With respect to the number of practices required, the most recent evidence suggests that more EFT practice has a greater impact on DD, both in substance users (García-Pérez et al., 2022; Mellis et al., 2019) and in people with obesity (Mansouri et al., 2020), with the effect on DD increasing as the number of sessions increases. Regarding the application format, EFT has mostly been implemented in a face-to-face format, although its feasibility in an online format has recently been evaluated (Sofis et al., 2020; Sze et al., 2015).
On the other hand, although EFT has been carried out mainly in isolation, some studies have combined it with other treatments (e.g., cognitive behavioral therapy, contingency management) obtaining excellent results (García-Pérez et al., 2022).

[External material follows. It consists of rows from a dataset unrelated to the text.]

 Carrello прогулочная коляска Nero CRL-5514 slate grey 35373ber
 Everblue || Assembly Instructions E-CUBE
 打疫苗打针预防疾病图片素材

Table 3 shows a summary of the characteristics and parameters of EFT that have been shown to be effective.
Number of sessions | A single visualization has a significant impact on DD. However, there is increasing evidence that repeated practice produces a greater effect. |
Application format | The feasibility of implementing EFT in a face-to-face and online format has been evidenced. In addition, some recent studies point to virtual reality to facilitate visualization. |
Temporary window | The time frame of the events created ranges from two weeks to one year. |
Combination with other treatments | EFT has mostly been implemented alone, but some studies combine it with cognitive-behavioral therapy and contingency management. |
Conclusions
Reinforcer pathology theory, supported by the BE model, provides a theoretical and empirical framework for understanding and preventing health risk behaviors. Based on this theory, EFT is an intervention that consists of creating and visualizing future events in order to increase the salience, and subjective value, of the reinforcer associated with engaging in health behaviors (e.g., balanced diet). This technique shows promising results in reducing impulsive decision-making and increasing health-related behaviors in experimental settings, with increasing evidence in clinical settings.

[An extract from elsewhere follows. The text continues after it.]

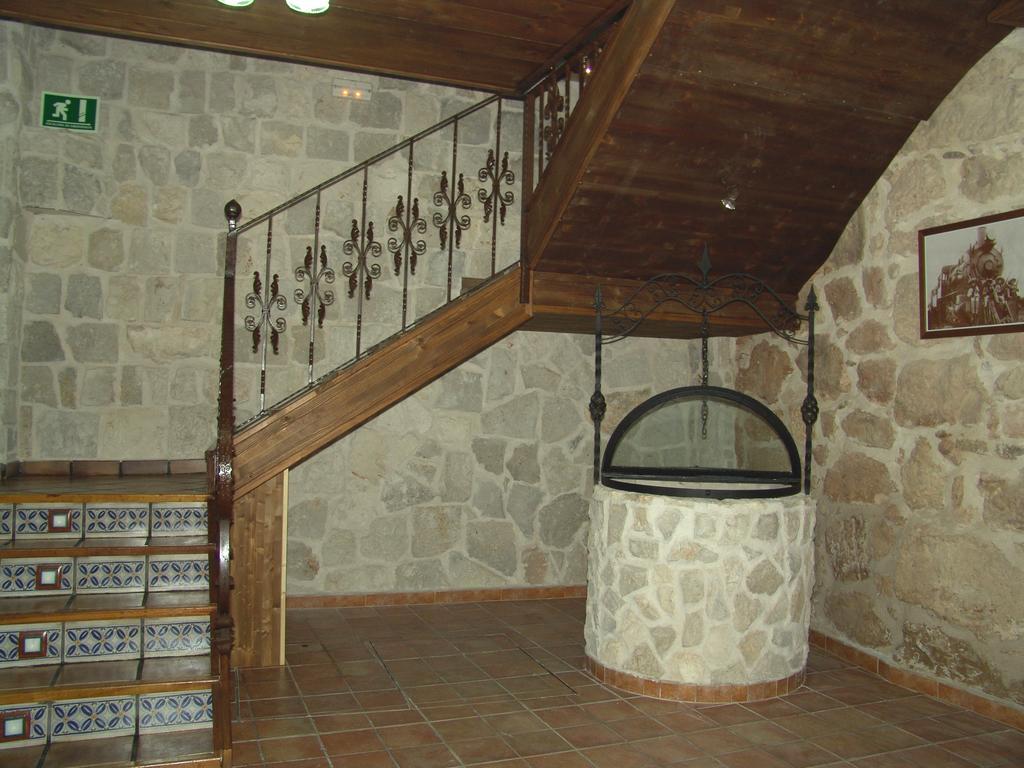 Hotel La Hacienda De Mi Senor Lerma Exterior foto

One of the future challenges for improving the effectiveness of EFT is to increase adherence to treatment (Aonso-Diego et al., 2021). Studies propose different strategies to improve adherence to visualization practices and, therefore, to improve the effectiveness of EFT. Sending reminders in the form of text messages, audio recording the event created in the therapy session, or providing incentives in exchange for practice may be useful strategies to achieve greater adherence.

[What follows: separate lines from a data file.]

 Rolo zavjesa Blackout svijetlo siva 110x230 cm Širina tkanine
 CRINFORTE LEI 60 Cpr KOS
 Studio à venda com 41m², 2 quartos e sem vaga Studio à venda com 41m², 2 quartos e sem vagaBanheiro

The use of technology offers several advantages in investigating the effectiveness of EFT. For example, ambulatory assessment (Fonseca-Pedrero et al., 2022) would allow assessment through electronic devices (e.g., activity bracelets, cell phones) of the vividness of the visualizing practice, daily caloric intake, level of physical activity, or substance craving. At the same time, it is possible that the systematic assessment of health parameters itself may have some effect on modifying unhealthy behaviors.
Finally, implementing EFT through virtual reality (Wang et al., 2019) would allow visualization of the created future event with a greater amount of detail, especially for people with episodic memory problems.
In conclusion, EFT is a novel psychological intervention that shows promising results in the reduction of health risk behaviors, such as substance use, caloric intake, body weight, and a sedentary lifestyle. As it is a relatively recent intervention, the evidence is still scarce, so more studies are needed to implement EFT, particularly in clinical settings, in order to obtain evidence of its effectiveness.